--- WHAT TO WORK ON ---
Within the entries below, output exactly the lines between the line containing "Pantalone Baggy Origami Uomo Verde Militare" and the line containing "Wabenrand-Dom-Tischlampe Tiffany Eis", inclusive, and omit any picture.

--- EXTRACTED INFORMATION ---
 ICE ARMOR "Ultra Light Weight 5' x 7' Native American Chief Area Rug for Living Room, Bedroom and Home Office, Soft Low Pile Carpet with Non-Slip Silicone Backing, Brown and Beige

---

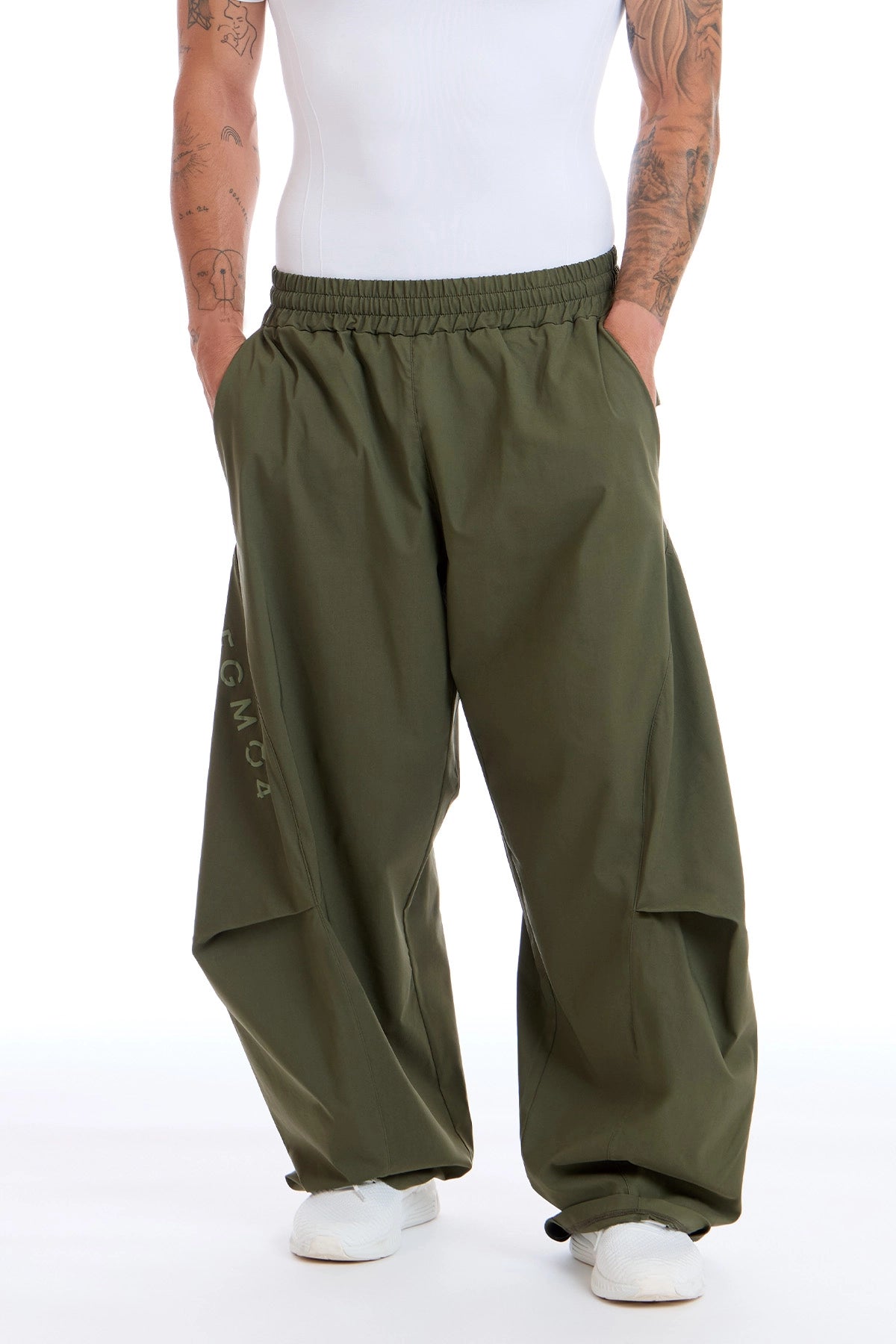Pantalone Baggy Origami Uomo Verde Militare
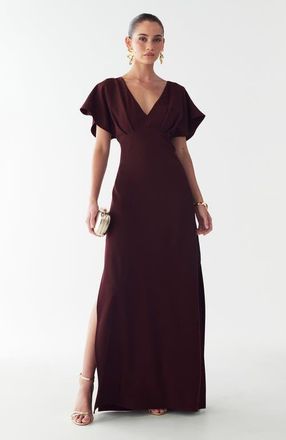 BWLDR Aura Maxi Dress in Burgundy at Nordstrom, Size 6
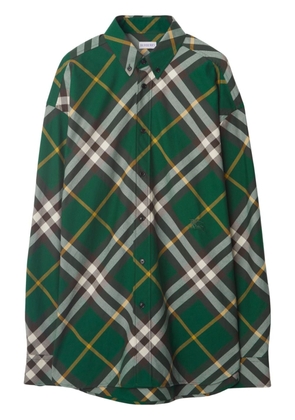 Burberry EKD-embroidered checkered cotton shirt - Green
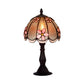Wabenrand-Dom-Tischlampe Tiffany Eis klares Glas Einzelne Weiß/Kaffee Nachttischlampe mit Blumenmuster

--- SOLUTION FOR THIS EXERCISE ---
Pantalone Baggy Origami Uomo Verde Militare
 BWLDR Aura Maxi Dress in Burgundy at Nordstrom, Size 6
 Burberry EKD-embroidered checkered cotton shirt - Green
Wabenrand-Dom-Tischlampe Tiffany Eis klares Glas Einzelne Weiß/Kaffee Nachttischlampe mit Blumenmuster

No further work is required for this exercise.